Here's my thoughts on formal verse instead.
So many of the formal poems posted on the internet bore me. Of course, the majority of poems of all types posted are boring, but often even the people who are most accomplished in the technicalities of formal verse write stuff that bores me rigid.
So here's my theory. When I write free verse, I feel I always have hanging over my head the accusation 'prose with linebreaks!'. Now there are a number of different strategies for making sure that free verse is distinct from prose - Whitman, WCW, cummings and Eliot all found different ones, for example - but when I'm writing a poem, I always feel that, if challenged, I should be able to point to qualities in the language used that are intended to make it different from prose.
Too often, I think that bad formal poets fall back on the comforting thought that their poem is clearly and unmistakeably a poem because it has metre and rhyme. Because the accusation 'this is just rhyming, metrical prose' is not generally made, there's not the same pressure to make the language do something different. The really good formal poets, on the other hand, treat metre and rhyme as a given, and make the language dance as well.
One of these days I'm going to have the patience to type out the long poem Backwaters: Norfolk Fields by George Szirtes. In the meantime, that Don Paterson thread is a good start.
Harry
Steph#2
03-05-2004, 02:21 PM
On a scale of 0 to 10, if metrical verse is ‘0’ and prose is ‘10’, I would place free verse at 0.5. I can not believe this debate still goes on. Free verse is still verse for heaven’s sake. It is The Line which creates rhythm, pacing, enjambement, sonic patterns etc., etc., in free verse as much as it does in metrical verse. It’s why I object to the term, non-metrical, over at the other place; it’s like saying Jazz is non-musical because it syncopates the rhythm.
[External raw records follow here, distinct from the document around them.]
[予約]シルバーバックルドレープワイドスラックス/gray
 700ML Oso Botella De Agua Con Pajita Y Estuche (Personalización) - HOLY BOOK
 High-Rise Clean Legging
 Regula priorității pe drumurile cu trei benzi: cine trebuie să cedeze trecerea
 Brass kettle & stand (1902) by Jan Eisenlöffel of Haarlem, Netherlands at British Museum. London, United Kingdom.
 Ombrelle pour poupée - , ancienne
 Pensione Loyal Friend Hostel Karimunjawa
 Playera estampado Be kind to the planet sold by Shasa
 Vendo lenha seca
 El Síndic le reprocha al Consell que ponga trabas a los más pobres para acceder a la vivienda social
Perhaps if we had labels which we could use to define what sort of poem a free verse poem is then all this hot air management could be avoided. Geez, the stuff comes in pretty predictable shapes and sizes anyway. If we were then able to eradicate all the names we have for the various metrical forms we’d all be in clover.
Prof. Steph#2
Harry R
03-05-2004, 02:26 PM
Originally posted by Steph#2
It’s why I object to the term, non-metrical, over at the other place; it’s like saying Jazz is non-musical because it syncopates the rhythm.
It's all a bit angels on pinheads, but actually I prefer 'non-metrical' because it's an accurate, literal technical term, whereas the term 'free verse' carries all sorts of historical and connotational baggage.
Harry
Steph#2
03-05-2004, 02:54 PM
Yes, but...
why define something by what it isn’t?
Steph#2
Harry R
03-05-2004, 03:03 PM
Originally posted by Steph#2
Yes, but...
why define something by what it isn’t?
Steph#2
Well, you want to describe the category of poems which aren't written with metre. So whether the term you use to describe them explicitly makes reference to that fact or not, it *is* a category defined by what it isn't.
In fact, your description of free verse as a '0.5' on a scale where metrical poetry = 0 and prose = 10 strikes me as far more of an insult to free verse than calling it 'non-metrical' becaus it implies that metre is the platonic ideal and free verse just a very good imitation. Bad metrical poetry strikes me as often being far closer to prose than good non-metrical poetry is.
Harry
Harry R
03-05-2004, 03:18 PM
How about 'unmetered' as an alternative to 'non-metrical'?